Within walking distance, we find a small food hut beside the road, where we sit on plastic chairs and eat roti stuffed with potatoes and gravy that we wash down with cold Carib beer. We play a game guessing the color of the next car to come down the road, then slowly walk back to Desmond’s house, waving whenever the locals greet us.

Desmond is home when we arrive. A moment later Sharon comes into the house, her arms laden with grocery bags. She is a tall woman with natural curls who thanks me when I take a few of the bags. Miles, maybe in kindergarten, is missing a front tooth.

“Miles.” Desmond squats down beside his son. “This is my friend Keane Sullivan.”

The little boy’s eyes go wide. “Sullivan like me?”

“Yes.”

“I can spell Sullivan,” Miles announces. He calls out the letters in the correct order, raising a finger with each one until he’s holding up eight. “Eight letters.”

“That’s very good,” Keane says. “I only just learned how to spell Sullivan properly.”

Miles cracks up laughing. “Maybe I’m smarter than you.”

“I reckon so.”

“Keane,” Sharon says, hugging him with one arm and kissing his cheek. “It’s about time you showed up. We’ve missed you.”

“Likewise,” he says. “Sharon, this is Anna Beck, my plus-one.”

“He lies,” I say, following her to the kitchen. “He’s my plus-one.”

As I place the groceries onto the kitchen counter facing the living room, Miles broaches the subject of Keane’s leg, his little voice almost a whisper when he asks, “Are you like Iron Man?”

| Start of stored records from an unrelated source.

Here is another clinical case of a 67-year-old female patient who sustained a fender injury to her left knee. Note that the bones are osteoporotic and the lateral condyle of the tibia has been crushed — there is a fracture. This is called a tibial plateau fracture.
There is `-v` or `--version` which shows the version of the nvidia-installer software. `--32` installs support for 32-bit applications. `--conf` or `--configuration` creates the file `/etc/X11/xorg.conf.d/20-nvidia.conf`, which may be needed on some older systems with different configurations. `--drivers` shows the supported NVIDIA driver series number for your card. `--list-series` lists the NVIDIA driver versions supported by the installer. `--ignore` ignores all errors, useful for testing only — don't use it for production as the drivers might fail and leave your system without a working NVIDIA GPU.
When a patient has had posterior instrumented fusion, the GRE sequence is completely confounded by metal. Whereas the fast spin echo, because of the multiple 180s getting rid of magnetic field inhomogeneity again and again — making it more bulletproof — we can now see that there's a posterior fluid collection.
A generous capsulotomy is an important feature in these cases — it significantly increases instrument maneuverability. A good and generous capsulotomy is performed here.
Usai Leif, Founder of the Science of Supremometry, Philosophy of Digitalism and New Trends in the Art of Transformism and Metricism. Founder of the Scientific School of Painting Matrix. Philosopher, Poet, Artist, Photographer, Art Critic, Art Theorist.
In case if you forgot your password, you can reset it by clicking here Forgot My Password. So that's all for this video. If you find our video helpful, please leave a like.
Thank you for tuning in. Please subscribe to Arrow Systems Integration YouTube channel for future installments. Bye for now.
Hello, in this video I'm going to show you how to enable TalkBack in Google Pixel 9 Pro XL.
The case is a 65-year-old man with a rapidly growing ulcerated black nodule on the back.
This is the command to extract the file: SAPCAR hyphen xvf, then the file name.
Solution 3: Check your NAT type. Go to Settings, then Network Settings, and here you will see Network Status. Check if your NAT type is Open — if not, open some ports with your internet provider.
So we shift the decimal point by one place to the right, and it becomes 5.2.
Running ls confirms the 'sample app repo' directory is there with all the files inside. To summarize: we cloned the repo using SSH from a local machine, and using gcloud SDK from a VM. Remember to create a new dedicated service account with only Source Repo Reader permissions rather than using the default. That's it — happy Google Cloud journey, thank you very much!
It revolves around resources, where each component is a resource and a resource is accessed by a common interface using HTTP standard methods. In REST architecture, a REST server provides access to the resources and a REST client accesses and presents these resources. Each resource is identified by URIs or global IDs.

“A bit,” Keane says. “Only the one leg, though.”

“Cool.”

Satisfied that his father’s friend is superhero adjacent, Miles runs outside to play. Desmond and Keane step out to the side porch with bottles of Guinness—“the proper beverage for liming”—while I help Sharon unpack.

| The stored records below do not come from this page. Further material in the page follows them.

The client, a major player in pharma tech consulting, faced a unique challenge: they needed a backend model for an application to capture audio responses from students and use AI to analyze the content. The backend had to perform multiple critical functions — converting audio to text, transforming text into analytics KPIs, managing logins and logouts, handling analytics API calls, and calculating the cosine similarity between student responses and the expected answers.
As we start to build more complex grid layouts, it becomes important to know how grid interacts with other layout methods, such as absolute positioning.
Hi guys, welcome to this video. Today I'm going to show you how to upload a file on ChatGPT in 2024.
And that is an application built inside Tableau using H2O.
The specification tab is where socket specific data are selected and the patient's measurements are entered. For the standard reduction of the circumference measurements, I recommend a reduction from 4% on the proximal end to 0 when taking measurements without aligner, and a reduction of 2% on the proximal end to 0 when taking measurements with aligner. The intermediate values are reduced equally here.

“How long have you been together?” she asks.

“We’ve been sailing together for a little more than a month,” I say. “But we’ve been together for about … sixteen hours.”

Sharon laughs. “That’s very specific.”

“It took some time for us—for me, actually—to figure things out.”

“He’s a good man.” She takes a couple more bottles of Guinness from the refrigerator, opens them, and hands one to me. “Let’s go outside. We’ve got people coming over after the festival, so we’ll worry about the food later.”

The four of us sit on chairs overlooking Margarita Bay while Miles turns somersaults in the grass and plays with Queenie. Desmond tells me how, seven years ago, he met a drunken Keane urinating along the side of the road. “I was going to arrest him, but when he said his name was Sullivan, I brought him home and sobered him up.”

“What he’s not telling you,” Keane says, “is that after he got me sober, he took me out for goat stew and Guinness, and we got drunk all over again.”

Sharon tells me she’s a stylist in a hair salon in the neighboring village of St. John’s, and when she asks me what I do for a living, I don’t mention the pirate bar. I share our plan to start a nonprofit organization. I feel embarrassed by how privileged it is to want to raise money for a high-tech sailboat when Montserrat has been rebuilding for more than two decades, but her smile is generous. “That would be good for him. He needs a purpose.”